Verifies that the system correctly concatenates
molecules and their respective potency values
"""
ref_data = pd.DataFrame({
'smiles': ['c1ccccc1F', 'c1ccccc1Cl', 'c1ccccc1Br','c1ccccc1N', 'c1ccccc1OC(F)(F)F'],
'potency': [1.0, 2.0, 3.0, 4.0, 5.0],
'assay_col': ['assay1']*5
})
query_data = pd.DataFrame({
'smiles': ['c1cnccc1F', 'c1cnccc1Cl', 'c1cnccc1Br'],
'potency': [1.0, 2.0, 3.0],
'assay_col': ['assay1']*3
})
self.mms.fragment_molecules(ref_data, assay_col='assay_col', query_or_ref='ref')
result = self.mms.query_fragments(query_data, min_series_length=3, assay_col='assay_col')
new_frags = result.new_fragments[0].split('|')
ref_potency = result.new_fragments_ref_potency[0].split('|')
print(new_frags, ref_potency)
self.assertEqual(new_frags.index('N[At]'), ref_potency.index('4.0'))
self.assertEqual(new_frags.index('FC(F)(F)O[At]'), ref_potency.index('5.0'))

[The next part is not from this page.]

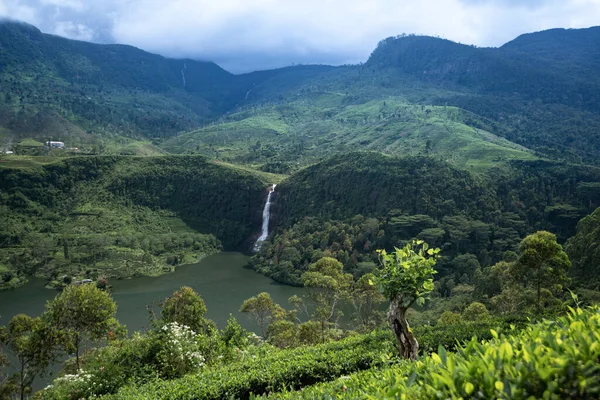 Vackra Vattenfall Maskeliya Sri Lanka — Stockfoto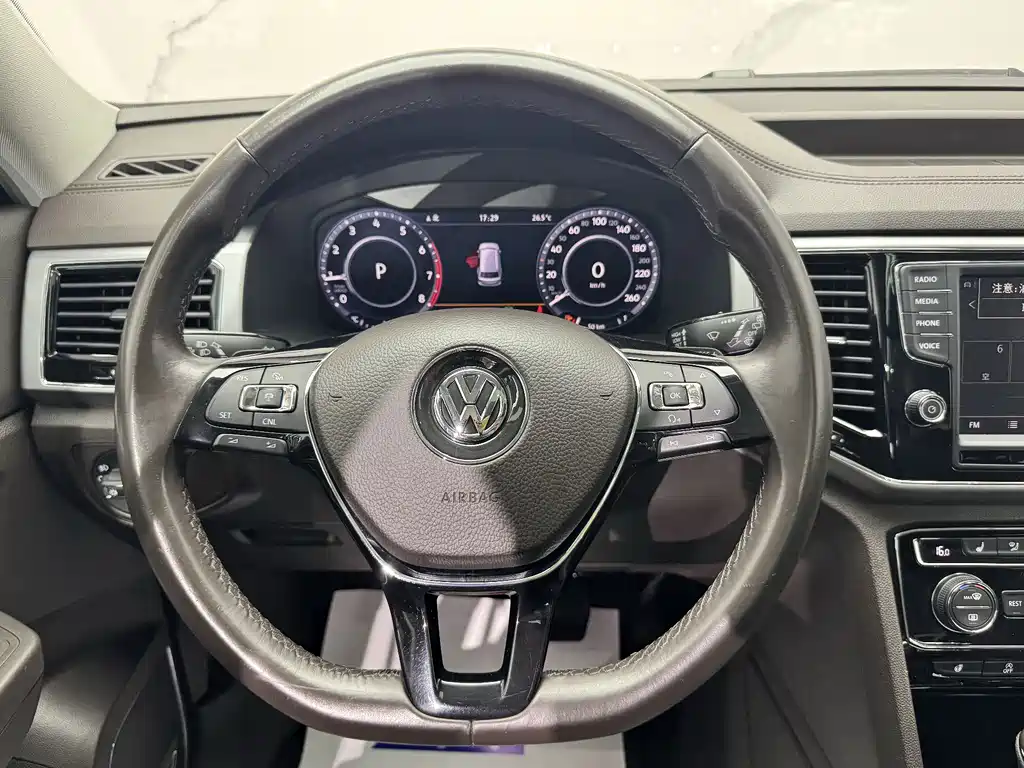 Volkswagen Teramont 2017 — фото 10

This test will check that the two additional R-groups in the reference dataset (in this case, an aniline and a trifluoromethoxy) can be retrieved based on the matching series of F, Br and Cl substituents. It also checks that the potency values are associated with the correct R-groups. This finishes succesfully on my setup, so it looks like that all works! Let’s see what we can retrieve when we check for such series in the bindingDB IC50 patent dataset. First, we put together a series of molecules that gains about a threefold in potency as we move to heavier halogens.
query_df = pd.DataFrame({
'smiles': ['c1ccccc1F', 'c1ccccc1Cl', 'c1ccccc1Br'],
'potency': [6.5, 7.0, 7.5],
'assay_col': ['assay1', 'assay1', 'assay1']
})
This query is a short series and as such there’s going to bea lot of matches. We’ll take a look at one of them in more detail. This series comes from patent US8765744, targeting 11-beta-hydroxysteroid dehydrogenase 1, perhaps better known as cortisone reductase. The cRMSD of this series is 0.067, indicating that the trends in potency between the reference and query series are very similar: the potencies are 6.48 for the F analog, 7.14 for the Cl and 7.59 for the Br. That gives us some confidence that the series is indeed a good candidate for SAR transfer and we can look at the additional R-groups in the reference dataset:
R-group SMARTS | Value |
---|---|
FC(F)O[At] | 7.09 |
Cn1ccc([At])cc1=O | 6.74 |
FC(F)(F)[At] | 7.09 |
[At]C1CC1 | 7.64 |
N#C[At] | 6.18 |
C[At] | 7.19 |
CO[At] | 7.46 |
CC(C)(C)[At] | 6.84 |
FC(F)[At] | 7.06 |
FC(F)(F)O[At] | 7.24 |
Browsing through the structures of the R-groups, we can see that they mostly are predominantly small apolar groups that wouldn’t look out of place in most medchem programs. While none of them are substantially more potent than the bromine, the cyclopropyl and methoxy are roughly equipotent to the bromine and may be an interesting candidate for our hypothetical series.
That’s it for today! We went through the basic concepts of matched molecular series, implemented a prototype in Python, and tested it on a small dataset. I’ll close off this post with some recommended reading on MMS: Original MMS paper, Ehmki and Kramer on metrics for SAR transfer, Matsy paper, and MMS for ADME. I hope you found this post interesting and as always, please let me know if you spot any mistakes (or better yet, submit a PR to fix them)!